*** Given information ***
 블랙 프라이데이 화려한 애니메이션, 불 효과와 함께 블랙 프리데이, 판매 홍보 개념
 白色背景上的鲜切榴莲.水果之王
*** End of Given information ***
*** Given information ***
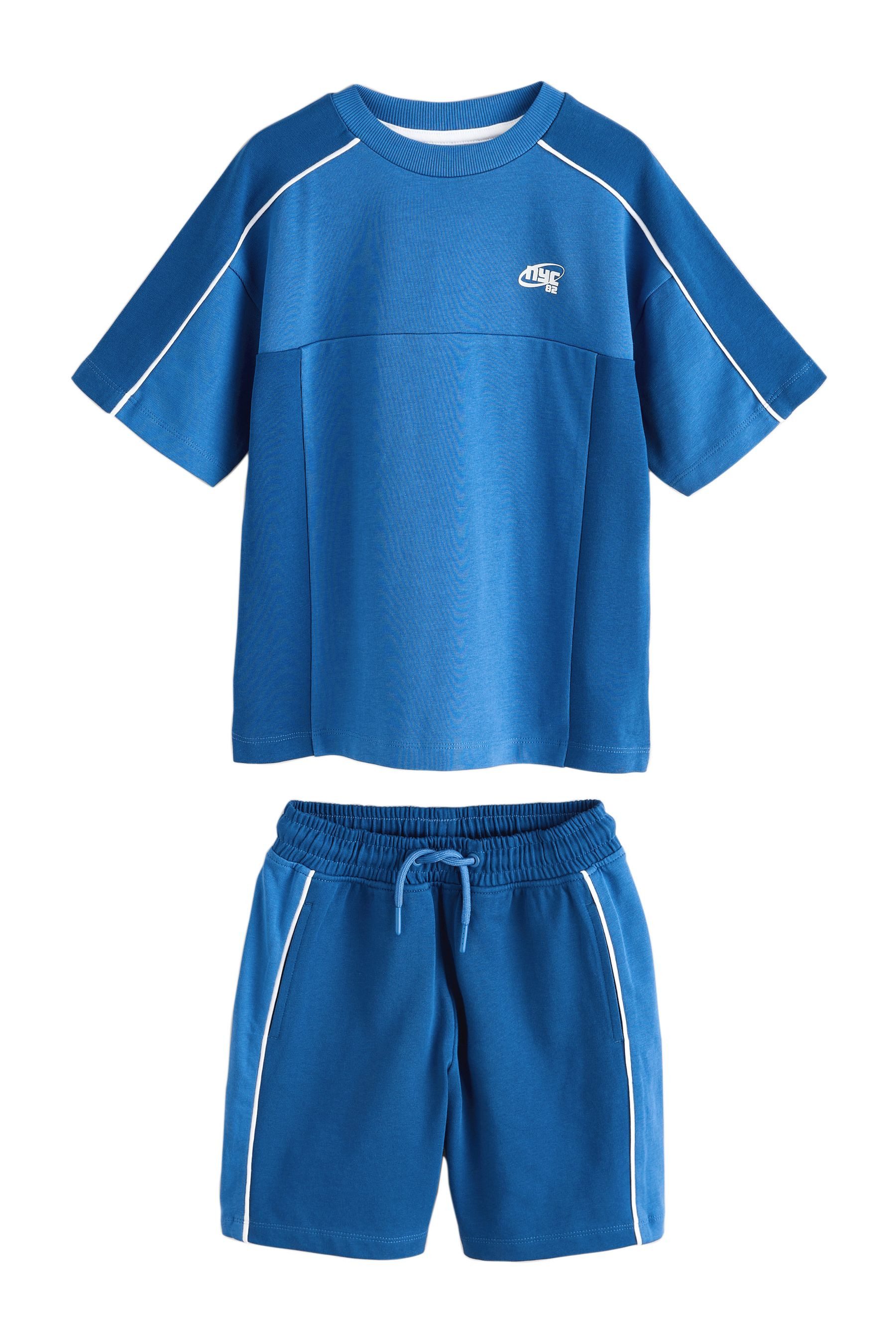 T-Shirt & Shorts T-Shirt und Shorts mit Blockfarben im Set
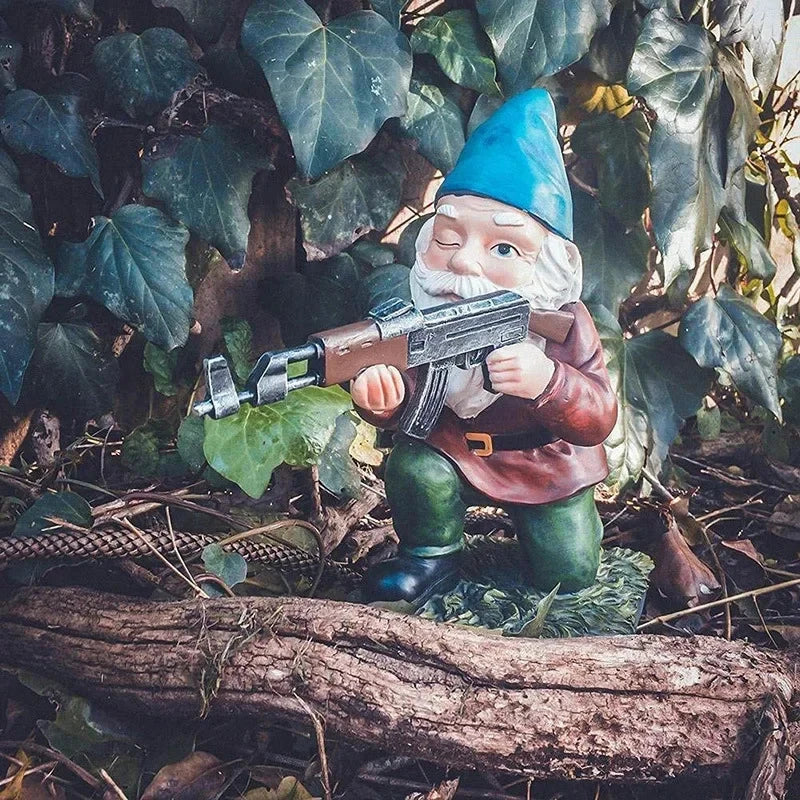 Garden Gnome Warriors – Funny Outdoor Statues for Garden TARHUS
*** End of Given information ***
*** Given information ***
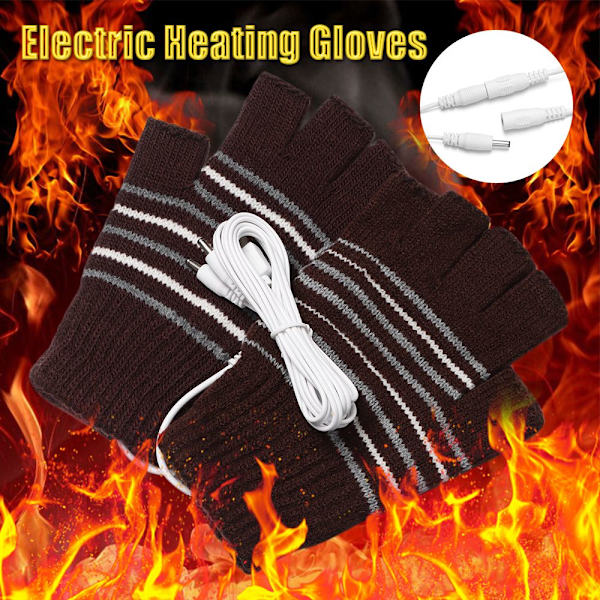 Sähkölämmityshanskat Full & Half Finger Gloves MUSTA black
*** End of Given information ***
_Work required_. From the listing above, the lines starting with the one that has "블랙 프라이데이 화려한" and running through the one that has "白色背景上的鲜切榴莲.水果之王" should be copied exactly, ends included.

_Response for this exercise_.
 블랙 프라이데이 화려한 애니메이션, 불 효과와 함께 블랙 프리데이, 판매 홍보 개념
 白色背景上的鲜切榴莲.水果之王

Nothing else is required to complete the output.